Parece óbvio que esta assumida fuga não deixa a Justiça bem na fotografia, que já se confrontou, aliás, no passado, com cenas parecidas. Algo que a ministra encarou agora com ‘desconforto’, enquanto o Conselho Superior da Magistratura (CSM), citando a juíza responsável, se apressou a distribuir uma nota, na qual negou que «pudesse antever-se» [… ] um concreto perigo de fuga do arguido». A presunção merece um Óscar.

Depois, perante o avolumar de perplexidades, o CSM rendeu-se a um inquérito disciplinar aos juízes envolvidos.
Ao que consta, o foragido, antes de ‘dar corda aos sapatos’, ainda teve o cuidado de tirar informações sobre a qualidade da ‘hotelaria’ na serra da Carregueira, que o terá desiludido para ali passar os próximos anos de vida. 
Para quem foi um dos donos do BPP – o tal Banco do ‘retorno garantido’ (segundo, então, rezava a publicidade de página inteira na Revista do Expresso…) –, é natural que a avaliação tenha gerado nele, também, um sentimento de… ‘desconforto’.

Em linguagem naval, foi mais um tiro, em cheio, no ‘porta aviões’ da Justiça, já adornado e com visíveis rombos na sua credibilidade. 

Diga-se de passagem, que, entretanto, não faltam os casos mediáticos pendentes – nem os protagonistas com nome na praça – que servem, inevitavelmente, para emoldurar os discursos de abertura do ano judicial. 

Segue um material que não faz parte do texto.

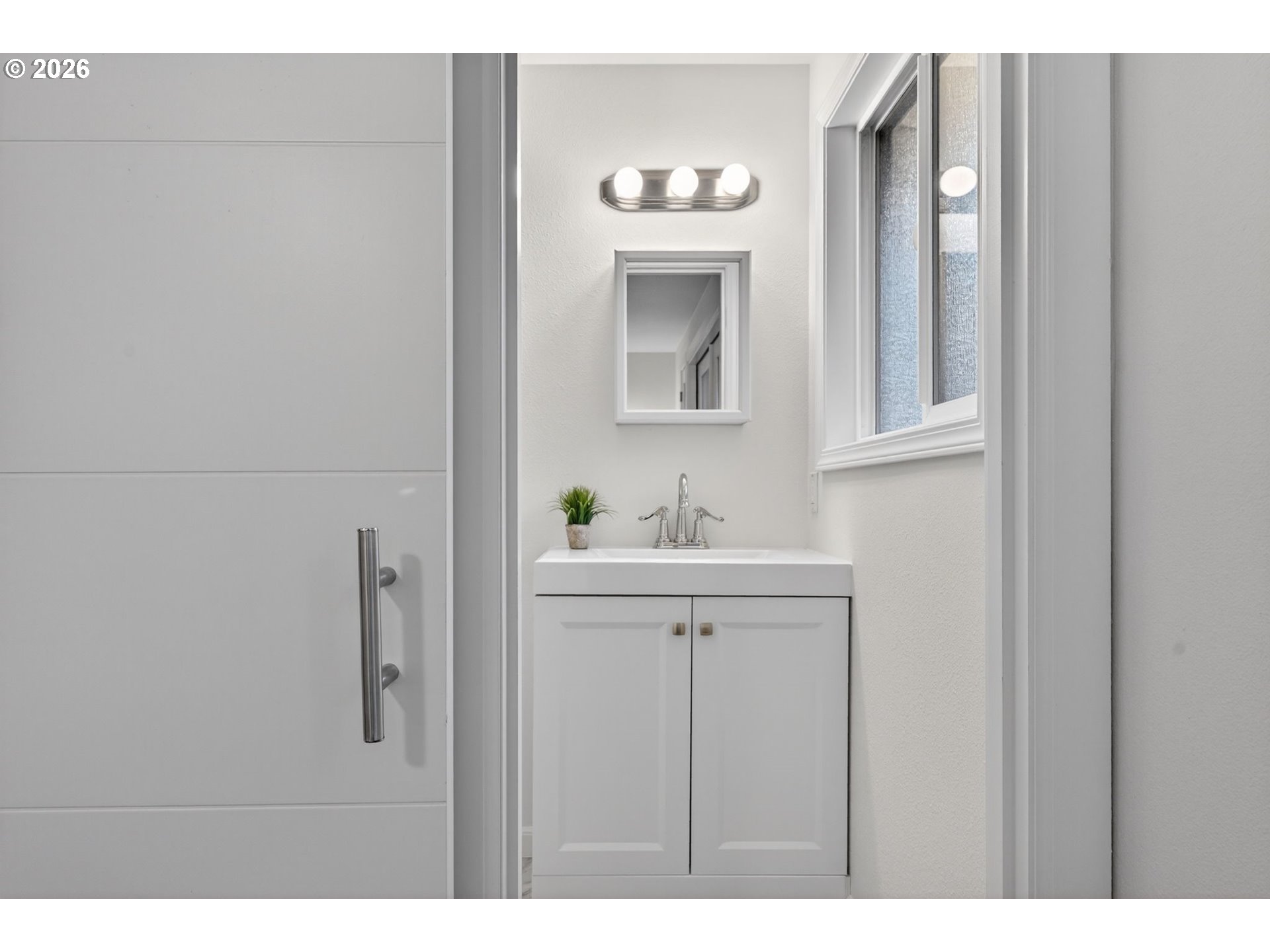 5690 Southwest 203rd Avenue Beaverton, OR 97078 - Photo 18 of 37 Owner's Suite Bathroom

É natural, por isso, que se especule sobre quem será o ‘senhor que se segue’, segundo o melhor catálogo de viagens, incluindo paragens tentadoras em destinos sem acordos de extradição para Portugal e com muito melhor oferta logística do que a Carregueira ou o estabelecimento prisional de Évora, reservados apenas para quem não consegue a tempo ‘um programa alternativo’…

No meio disto, a ministra da Justiça continua no seu posto, com o ‘conforto’ de um lugar de recuo cativo no Supremo; o ministro da Defesa, continua a despacho com a Armada, como se não tivesse acontecido nada; o ministro da Administração Interna ainda não tem, que se saiba, o relatório sobre o velocímetro do seu carro; o ministro das Infraestruturas, à falta de melhor, entrou em rota do colisão com o colega das Finanças por causa da CP, enquanto abona a TAP com milhões do contribuinte, sem reparar na Alitalia; o ministro do Ambiente diverte-se com o lítio e o hidrogénio, enquanto execra os combustíveis fósseis; o ministro da Educação não existe, embora nem dê por isso; e a ministra da Saúde finge que acredita que poderá ser a favorita de Costa na disputa da ‘herança’.

O desgoverno não fica por aqui. Donde se alguém achar que isto é uma farsa, um filme negro ou uma réplica europeia de qualquer ‘república das bananas’ é porque não está no seu juízo perfeito.